I have several polygons which are actually a union of points. I want a reasonably quick way of removing the points which are not land (but on river, lake, ocean, etc).

So I far I have come up with the below method which takes me from the left picture to the right one:

enter image description here

import fiona
from shapely.geometry import Point, shape

# Shape files (Small Lakes Europe, Lakes, Coast)
le_loc = ".../water-polygons-split-4326/ne_10m_lakes_europe.shp"
lw_loc = ".../water-polygons-split-4326/ne_10m_lakes.shp"
c_loc = ".../water-polygons-split-4326/water_polygons.shp"

print("Opening Shape-Files")
le_poly = [shape(pol['geometry']) for pol in fiona.open(le_loc)]
lw_poly = [shape(pol['geometry']) for pol in fiona.open(lw_loc)]
c_poly = [shape(pol['geometry']) for pol in fiona.open(c_loc)]

def point_in_water(lat, lon):
    xy_point = Point(lon, lat) 
    for one in [c_poly, lw_poly, le_poly]:
        for shape in one:
            if shape.contains(xy_point):
                return True
    return False

# Test (true)
print(point_in_water(46.268408, 6.180437))

Then in a loop I test my points:

with open(in_csv) as f:
    for x in csv.reader(f):
        # Lat, Lng, Mins, Mode
        if not point_in_water(float(x[0]), float(x[1])):
           coords.append([x[0], x[1])

I use three shape-files which are OK for my purpose (the lakes one is a bit rough): coast, lakes, small lakes.

However, for 10,000 points the code is a bit slow (and I have around 30 files so 300,000 points to examine).

I was wondering if any of the following would be possible:

1) I am looping through shapes and checking shape.contains(point) instead of looping through points and checking point.within(shape) -> I wasn't sure if there would be an improvement?
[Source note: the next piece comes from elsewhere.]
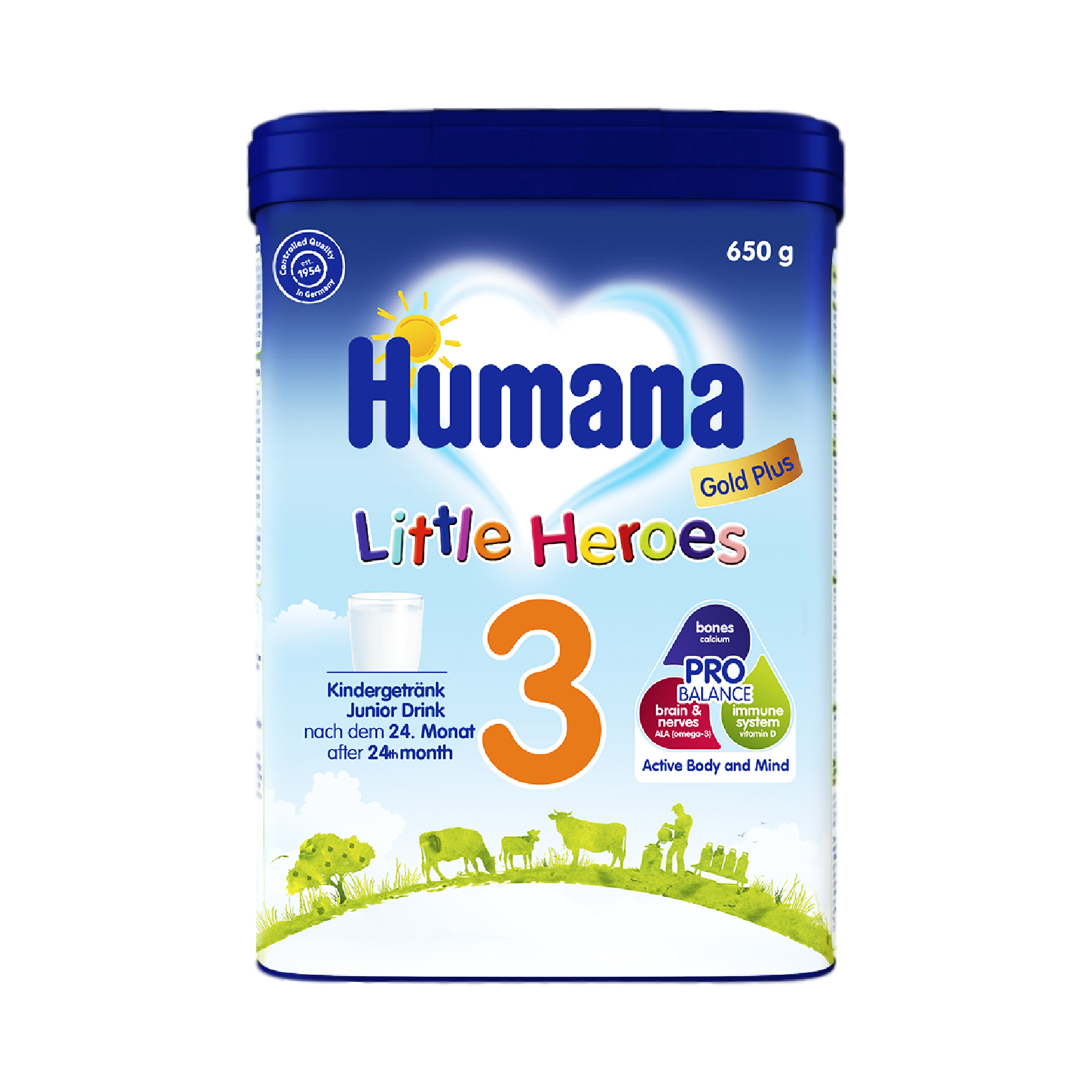 Sữa bột humana gold plus 3 650g mới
2) Using a spatial-index would probably speed this up, however I don't think RTree works anymore with Python 3.4

3) Perhaps there is a faster function (a rough contains) which just checks bounds and I can use that as step one and then contains as step 2.

4) Instead of looping through points, is there a way to vectorise and pass all at once?

5) Perhaps it would be faster to convert the shapely Polygons to a path so that I can use matpotlib's path.contains_point?

6) Finally, I realise that I should probably use a Mercator projection for the point in poly test, but a rough cut is fine for me (it's not like the water shapefile is super accurate anyway).

Thank you

mptevsion
  • 937
  • 8
  • 28
  • disclaimer, I havent used shapely or fiona that said, do you need the points within the boundaries or just the boundaries? If just the boundaries then maybe a way of simplifying things would be to use [Convex Hull](http://docs.scipy.org/doc/scipy/reference/generated/scipy.spatial.ConvexHull.html#scipy.spatial.ConvexHull) – DrBwts Jan 04 '16 at 11:53
  • @DrBwts Unfortunately I do need to keep the points since I am just dropping points in the water – mptevsion Jan 04 '16 at 20:11
  • `rtree` version 0.8 introduced support for Python 3.x, so try and get that. A spatial index will vastly improve your performance. – Mike T Jan 10 '16 at 23:17
  • To speed up the process I would try to get the union of all "water" polygons first, and then check each point against this multipolygon. I mean, it will be a huge multipolygon, and the union operation can take a while, but I think that if you have a lot of points, this could really speed up the process. – eguaio Feb 29 '16 at 17:41

0 Answers0